Penggerebekan para tersangka DPO di Jalan Pulau Jawa II, Kelurahan Gebang Rejo, itu diwarnai aksi baku tembak antara anggota Detasemen 88 Antiteror Mabes Polri dan para tersangka. Selain menewaskan Dedi Parsan, seorang tersangka DPO, polisi juga menangkap dua orang DPO lainnya, yaitu Anang Muftadin alias Papa Enal dan Saiman alias Sarjono. Mereka ditengarai terlibat dalam berbagai kasus teror di Poso dan Palu.
Sumber Gatra di kepolisian memastikan, di antara tiga orang yang kini ditahan terdapat pelaku penembakan Pendeta Susianti (2004) serta pemboman Pasar Maesa di Palu Selatan, awal Januari 2006. Polisi menahan tiga orang lainnya yang terlibat dalam aksi baku tembak, yaitu Upik alias Pagar, Imran, dan Abdul Muis.
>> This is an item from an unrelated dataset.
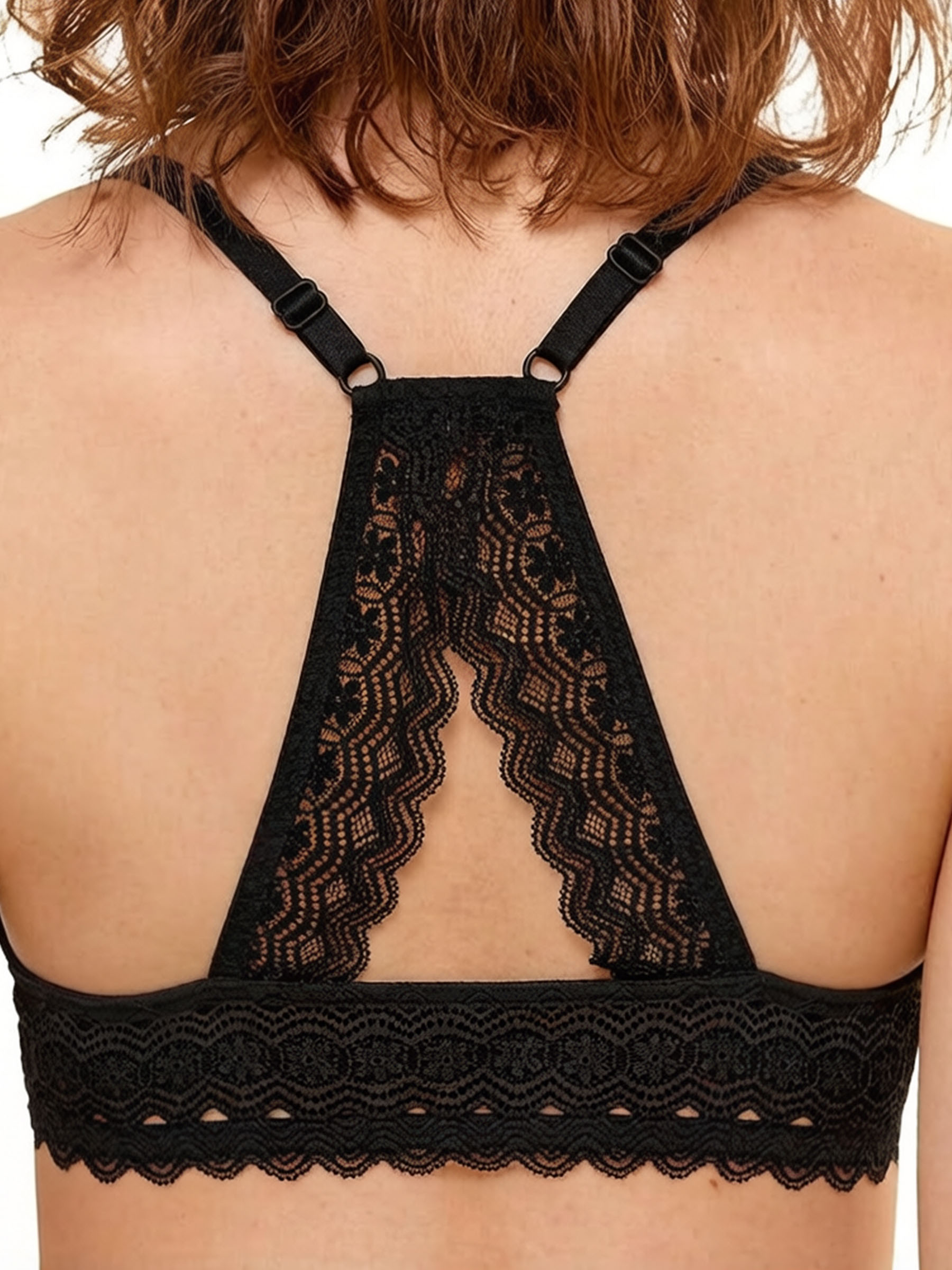 Lace Underwire Plunge Push Up Bra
Kejadian itu berlangsung di rumah Basri, yang juga masuk DPO. Namun, dalam kontak tembak itu, seorang pengasuh Pondok Pesantren Amanah, Ustad Ryan, tertembak. Menurut polisi, ustad berusia 32 tahun itu melindungi para tersangka yang akan ditangkap. “Ryan ikut melemparkan bom rakitan ke arah polisi,” kata Brigjen Polisi Anton Bachrul Alam, juru bicara Mabes Polri.
Menurut Anton Bachrul Alam, meski tak termasuk DPO kasus kerusuhan Poso, Ryan alias Santoso alias Abdul Hakim ternyata salah satu aktivis Jamaah Islamiyah (JI). Dalam catatan kepolisian, ia adalah rekan seangkatan Muchlas, sang terpidana mati kasus bom Bali, saat ikut latihan semimiliter di Afghanistan. Ryan juga dicurigai terlibat sebagai panitia rapat Markaziyah JI pasca-bom Bali I di Tawangmangu, Magetan, Jawa Timur, 18 Oktober 2002, dan di Cisarua, Jawa Barat, 7 April 2003.
Sumber Gatra di Mabes Polri membenarkan kabar tentang peran penting Ryan. Menurut perwira tinggi yang tak ingin disebut namanya ini, ia pengatur strategi sekaligus orang yang mengindoktrinasi para pemuda di Poso agar menjadi militan. “Ryan sering berhubungan dengan Abu Dujana, pimpinan baru JI di Asia Tenggara,” sumber Gatra yang kerap terlibat dalam penyelidikan kasus teror di Tanah Air itu menambahkan.
Bahkan Ryan diduga ikut merakit bom yang meledak di sejumlah wilayah di Poso belakangan ini. Bom itu pula yang disita polisi saat penggerebekan Kamis pekan lalu. Bom rakitan itu, menurut sumber Gatra, biasa disebut bom lontong: terbuat dari potongan pipa paralon yang diisi dengan black powder dan diberi sumbu. Bom ini berdaya ledak rendah alias tidak mematikan.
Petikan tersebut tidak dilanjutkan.